(Data provided begins)

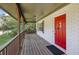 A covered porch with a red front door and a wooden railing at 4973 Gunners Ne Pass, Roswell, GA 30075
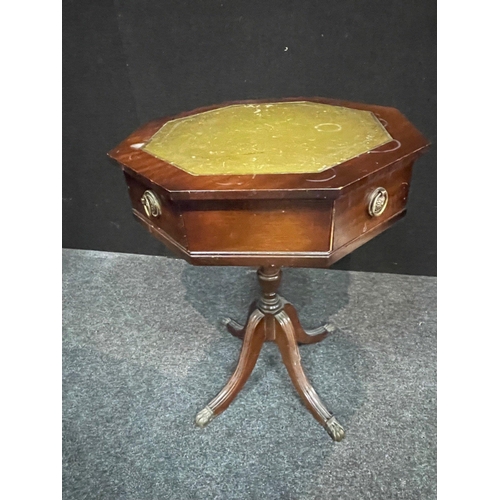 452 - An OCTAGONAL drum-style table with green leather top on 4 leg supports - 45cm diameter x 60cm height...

(Data provided ends)
(Data provided begins)

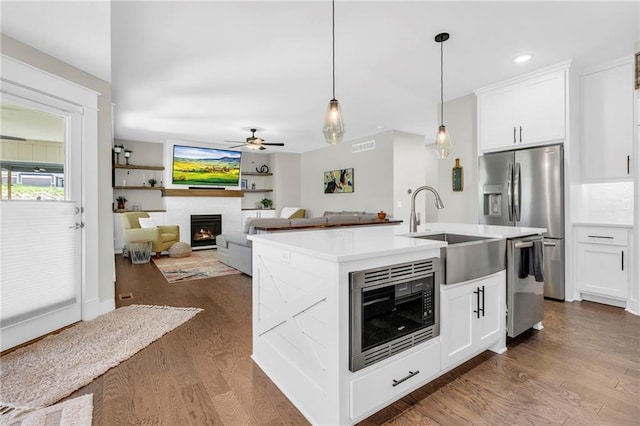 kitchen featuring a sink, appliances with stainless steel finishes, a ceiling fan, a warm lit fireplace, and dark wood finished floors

(Data provided ends)

▶ [What you will do]:
When you reach the line containing "A covered porch" in the entries above, begin restating word for word, and stop once the line containing "452 - An OCTAGONAL" has been given. Omit the pictures.

▶ [Output for this exercise]:
 A covered porch with a red front door and a wooden railing at 4973 Gunners Ne Pass, Roswell, GA 30075
 452 - An OCTAGONAL drum-style table with green leather top on 4 leg supports - 45cm diameter x 60cm height...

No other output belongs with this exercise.